Page MenuHomePhabricator

http-bad-status - 403 Forbidden when trying to upload file from tools.wikimedia.pl by URL to Commons
Closed, ResolvedPublic

Description

I just tried to upload

http://tools.wikimedia.pl/~odder/whitehouse/41d5129de542285b6c62.webm

using https://commons.wikimedia.org/wiki/Special:Upload as well as via API

(I have "upload_by_url" userright enabled).

Request URL:

https://commons.wikimedia.org/w/api.php?action=upload&format=json

POST data from API sandbox:

filename=Test%20test.webm&comment=Test%20bug%2072897&url=http%3A%2F%2Ftools.wikimedia.pl%2F~odder%2Fwhitehouse%2F41d5129de542285b6c62.webm&token=d27ea41fb633146835d1a2d1e962f37e545f9bd9%2B%5C

Result:

{

"servedby": "mw1139",
"error": {
    "code": "http-bad-status",
    "info": "Error fetching file from remote source",
    "0": "403",
    "1": "Forbidden",
    "*": "See https://commons.wikimedia.org/w/api.php for API usage"
}

}

Log entry on the tools.wikimedia.pl server:

tools.wikimedia.pl 208.80.xxx.yyy - - [09/Nov/2014:18:03:30 +0100] "GET /~odder/whitehouse/41d5129de542285b6c62.webm HTTP/1.1" 200 932365538 "-" "MediaWiki/1.25wmf6"

so MediaWiki gets 200 from the origin server


Version: 1.25-git
Severity: normal
URL: https://commons.wikimedia.org/w/api.php?action=upload&format=json

Details

Reference
bz73200

Event Timeline

bzimport raised the priority of this task from to Normal.
bzimport set Reference to bz73200.
bzimport added a subscriber: Unknown Object (MLST).
saper created this task.Nov 9 2014, 5:05 PM

Maybe check to see if it works with a small test file, just to rule out the size of the file triggering something (Yeah, I know, 403 would be the wrong error code for file too big, but just in case).

I'm idly wondering whether you're setting a User-Agent and whether you can perform other actions such as edits.

From the url-downloader config:

reply_body_max_size 534773760 allow all

Looks like upload by url has a max file size of 510 mb. (Also I feel like even without that, things might time out before a 900 mb video got uploaded)

(In reply to MZMcBride from comment #2)

Ignore me!
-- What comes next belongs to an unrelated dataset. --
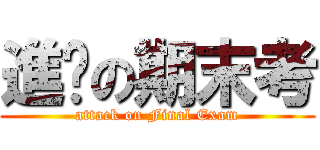 進擊の期末考 (attack on Final Exam)
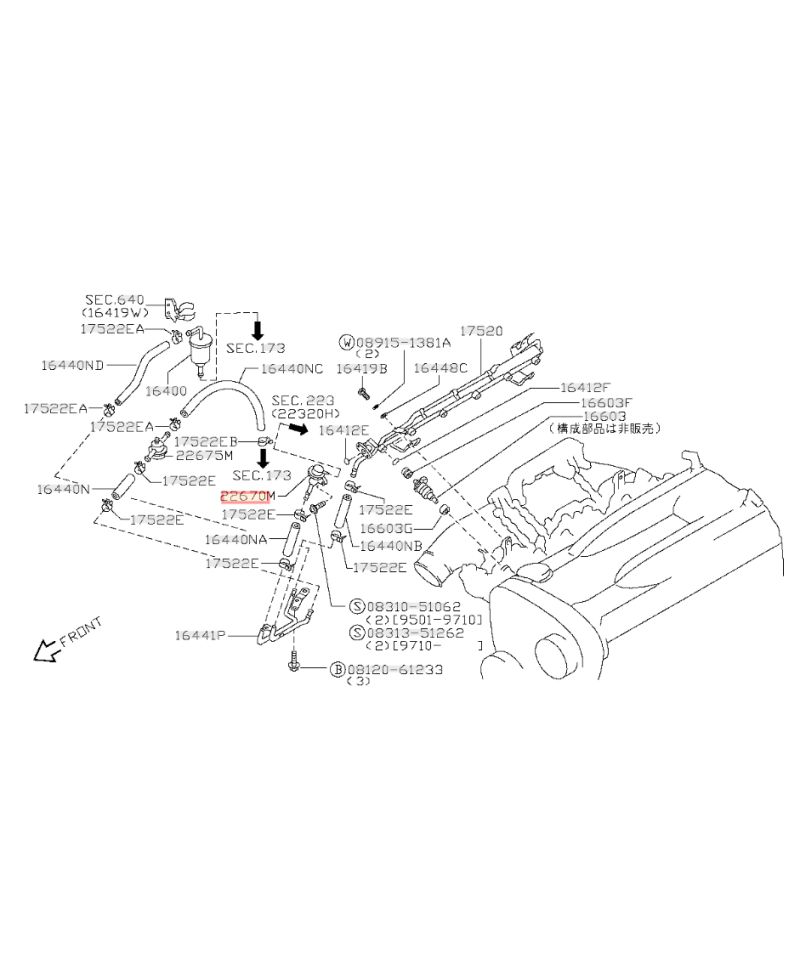 REGULATEUR DE PRESSION ESSENCERB26 NISSAN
I mis-read the bug report and Bawolff set me straight.

(In reply to Bawolff (Brian Wolff) from comment #3)

From the url-downloader config:

reply_body_max_size 534773760 allow all

Looks like upload by url has a max file size of 510 mb. (Also I feel like
even without that, things might time out before a 900 mb video got uploaded)

https://git.wikimedia.org/blob/operations%2Fpuppet.git/df4b24132abb856323e69a0decf0ebcde65b67fa/modules%2Furl_downloader%2Ftemplates%2Fsquid.conf.erb#L81

Yeah, there are a few references to 510 MB in there.
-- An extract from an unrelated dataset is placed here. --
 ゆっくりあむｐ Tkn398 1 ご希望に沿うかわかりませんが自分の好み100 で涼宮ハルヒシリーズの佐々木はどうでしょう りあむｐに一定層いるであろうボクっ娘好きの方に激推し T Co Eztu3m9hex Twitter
Change 172120 had a related patch set uploaded by Brian Wolff:
Increase max file size of url downloader proxy to 1010mb

https://gerrit.wikimedia.org/r/172120

Change 172120 merged by Faidon Liambotis:
Increase max file size of url downloader proxy to 1010mb

https://gerrit.wikimedia.org/r/172120

hoo added a comment.Nov 10 2014, 10:41 AM

Puppet patch has been merged.

Tgr added a comment.Nov 10 2014, 12:48 PM

If the problem was indeed the file being too large, the API should have a less misleading way of reporting it, so I don't think this is fully fixed.

Marcin, can you verify whether the upload works now?
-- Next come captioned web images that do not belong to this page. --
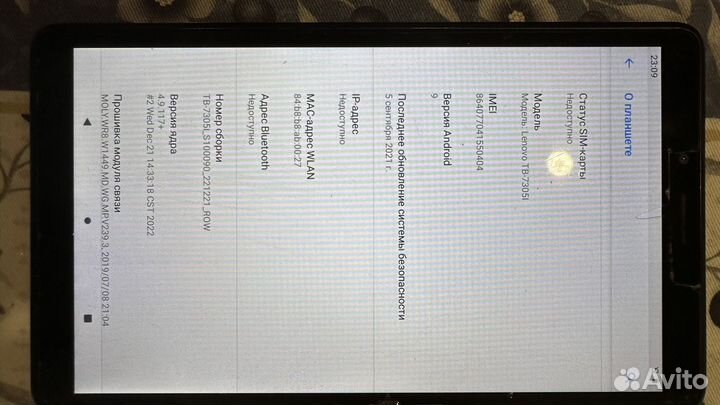 Планшет lenovo TB-7305I
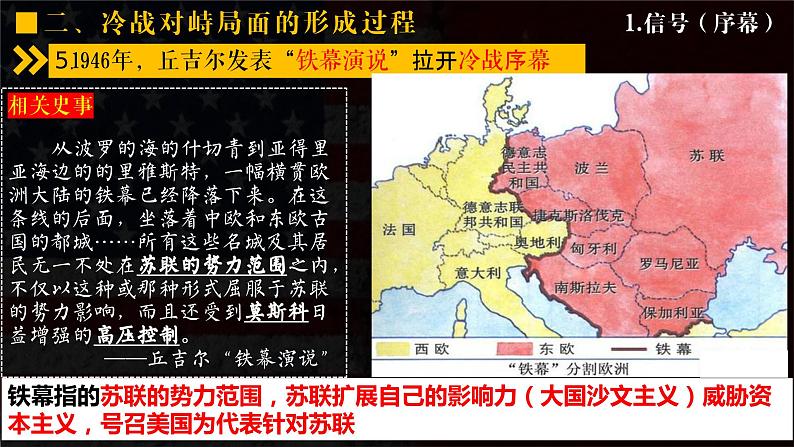 第16课冷战课件--2023-2024学年部编版历史九年级下册第6页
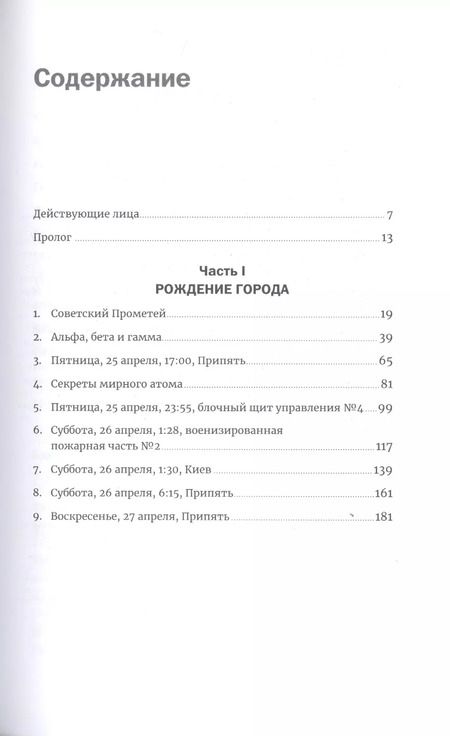 Фотография книги "Адам Хиггинботам: Чернобыль: История катастрофы"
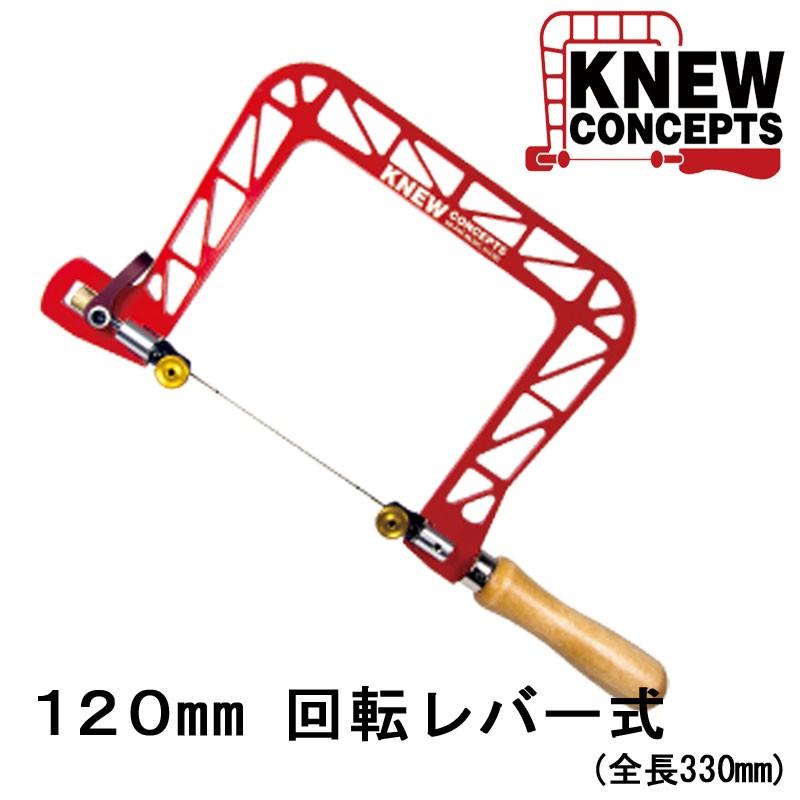 KNEWCONCEPTS（ニューコンセプト）強力型糸鋸フレーム120mm(回転レバー 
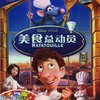 美食总动员(DVD9)(赠书签)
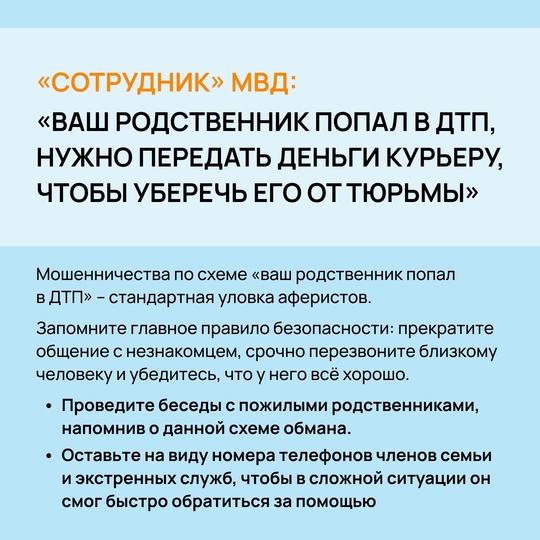 📲 Информационная безопасность — новый тренд! 
Как часто тебе поступают подозрительные звонки? Как..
saper added a comment.Nov 10 2014, 5:29 PM

Right now I get "HTTP request timed out.", so we are one stage ahead. It didn't wait very long before timeout, few seconds maybe.

In reply to Tisza Gergő from comment #9)

If the problem was indeed the file being too large, the API should have a
less misleading way of reporting it, so I don't think this is fully fixed.

Its a proxy squid server in between the api and the rest of the internet. I dont think mw has any way of knowing it hit a file too big instead of legit 403.

(In reply to Marcin Cieślak from comment #10)

Right now I get "HTTP request timed out.", so we are one stage ahead. It
didn't wait very long before timeout, few seconds maybe.

I think the timeout is currently 30 seconds(?) Im not surprised you hit it. You would have to have some pretty good conectivity to transfer a 900mb file in 30 seconds.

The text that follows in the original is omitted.